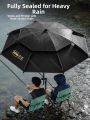 BENNUO | Easy Operate Heavy-duty Color Rubber Sunscreen and Rainproof Fishing Umbrella. 
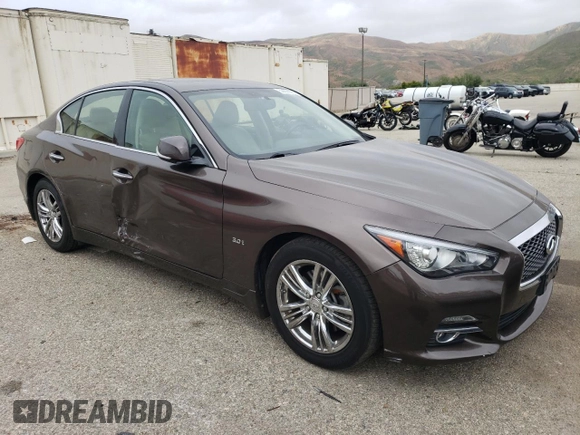 2017 Infiniti Q50 Sport with VIN JN1EV7AP9HM743324, listed as a Copart auction lot 59636665 with 67,908 mi miles and Salvage title. Bid and sale history available at DreamBid. Image 4.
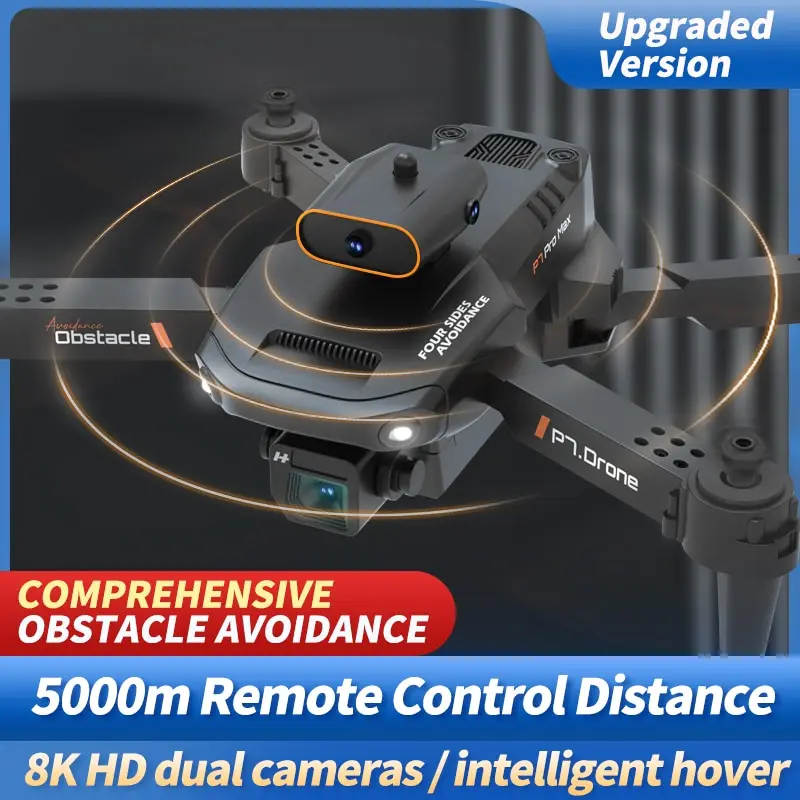 

P7 WIFI FPV Drone 8K HD 360 Obstacle Avoidance Drones Aerial Photography Four-Axis Rc Aircraft Rc Helicopter Kid Toy Gift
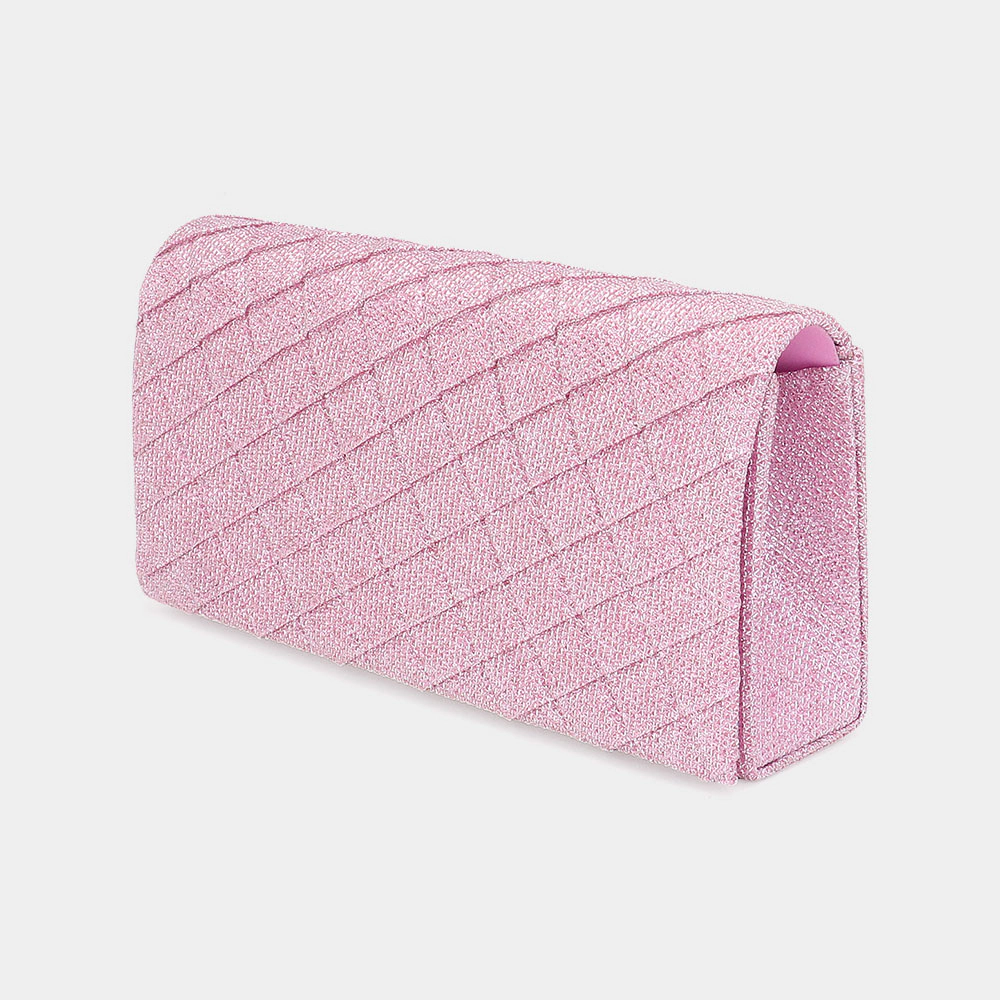 FASHNZFAB Quilted Sparkly Clutch Bag / Crossbody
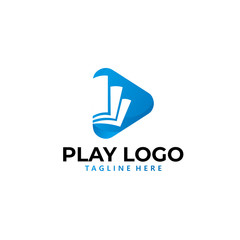 play logo icon vector isolated
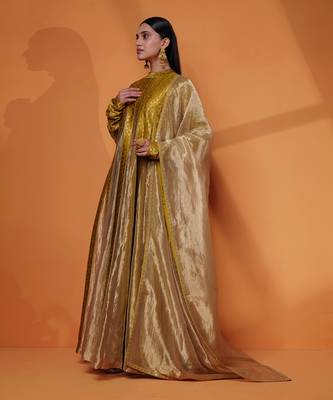 Layana pleated anarkali gown 3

> **EXERCISE REQUIREMENTS**
Give every entry again verbatim, with no pictures.

> **OUTPUT FOR THIS TASK**
 BENNUO | Easy Operate Heavy-duty Color Rubber Sunscreen and Rainproof Fishing Umbrella. 
 2017 Infiniti Q50 Sport with VIN JN1EV7AP9HM743324, listed as a Copart auction lot 59636665 with 67,908 mi miles and Salvage title. Bid and sale history available at DreamBid. Image 4.

P7 WIFI FPV Drone 8K HD 360 Obstacle Avoidance Drones Aerial Photography Four-Axis Rc Aircraft Rc Helicopter Kid Toy Gift
 FASHNZFAB Quilted Sparkly Clutch Bag / Crossbody
 play logo icon vector isolated
 Layana pleated anarkali gown 3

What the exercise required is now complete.